The current draft deal can be characterized as an orderly Brexit aimed at a managed and gradual exit of the UK out of the EU, while minimizing the economic damage on both sides,” said Rabobank. 

We look at the analysis contained in the industry note in relation to the impact of the UK withdrawal from the EU on grains and oilseed trade in the longer term. 

The grains and oilseeds sector will be little impacted in the short term by the Brexit deal as it stands now, said Rabobank. Trade between the EU and the UK can continue as usual during the transition period, said the team.

In the longer term, however, Rabobank sees three potential changes when the UK enters into preferential trade agreements with third countries and no longer pursues European policies.

Soybean meal and oil imports into the UK

Firstly, it noted that the UK imports significant volumes of soymeal and soy oils, in value terms around £816m (US $1,038m) per annum. The Netherlands is the largest exporter, representing almost 40% of this trade flow, with the soy products sourced mainly in North and South America and shipped to Dutch ports, partly crushed or directly re-exported to the UK.

“In the longer run, these trade flows may be redirected from third countries directly to the UK, but logistical setups will probably prevent this except if the UK imposes duties that put goods from the EU at a disadvantage.
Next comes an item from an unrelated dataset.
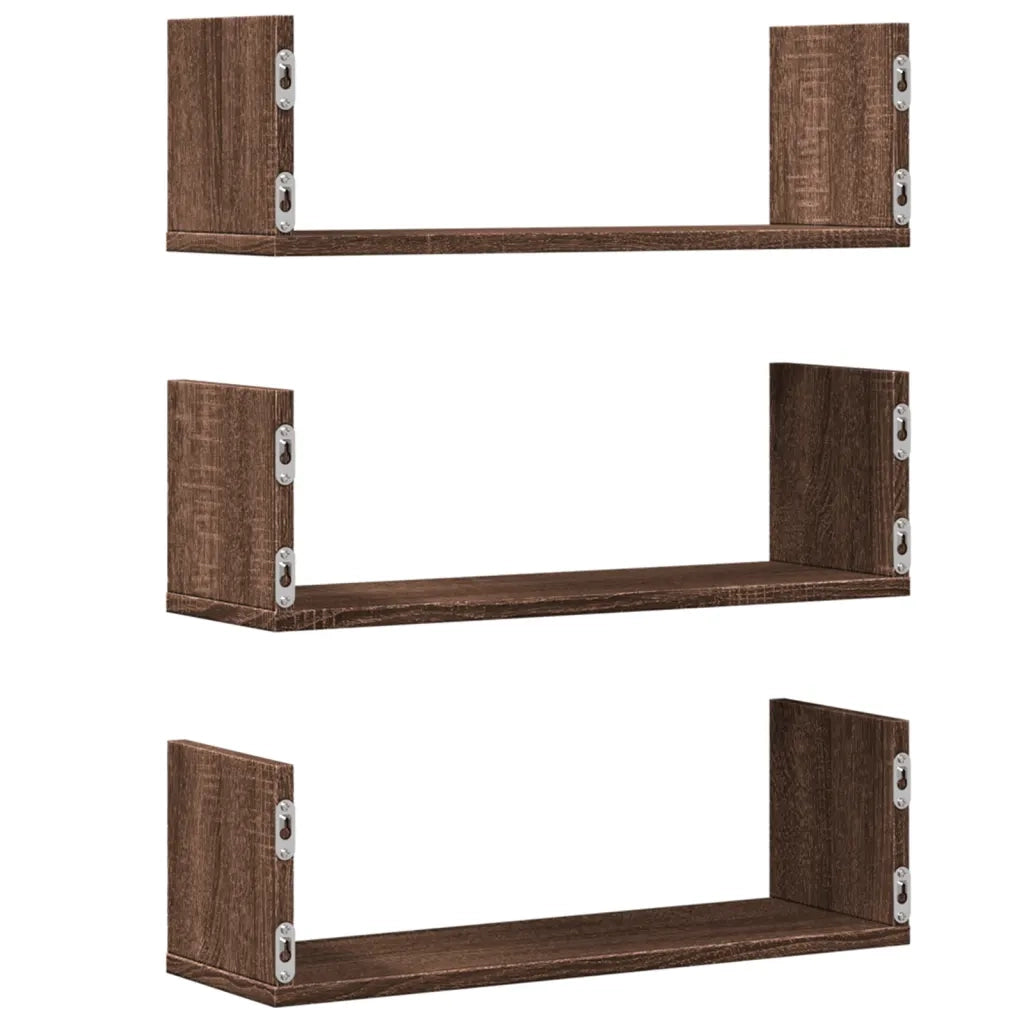 Mensole da Parete 3pz Rovere Marrone 58x18x18 cm in Truciolato 853287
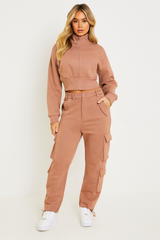 Cropped Zip Up Sweatshirt & Cargo Trouser Tracksuit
In that case, some substitution with other meals and oils may also take place, for example rapeseed and sunflower from Canada, Australia and/or the Black Sea region.”

Then, Dutch and other European crushers may need to redirect part of their production to other destinations, said Rabobank.

Second, the UK grains complex imports significant volumes of milling wheat, mainly from France and Germany, and corn from France, for an amount of £780m.

“In the longer run, part of this trade flow could be replaced by grains from other origins such as the Black Sea region, Canada and/or Australia, but that would also probably follow only if the UK were to put measures in place that would put grains from the EU at a disadvantage compared to other origins.

“In addition, UK grains exports can also be negatively impacted, as they might become subject to the import duties and quotas the EU already has in place for third country imports.”

UK feed grain exports

Currently, the UK exports around £570m of feed grains to the EU – around 8% of its wheat and barley production. The loss of those exports flows would pressure UK grain prices and cut production, said the analysts.

In relation to the UK processing of 1.2m tons of grains into ethanol as part of the EU biofuel policy that requires blending of biofuel into normal fuels, Rabobank said this volume could decline significantly if the UK government does not set up a domestic biofuel policy that provides incentives to the UK biofuel industry after Brexit.

“A lack of domestic policy would mean significant additional volumes of grain will become available for the UK feed industry or will need to be exported, which potentially further suppresses local grains prices.”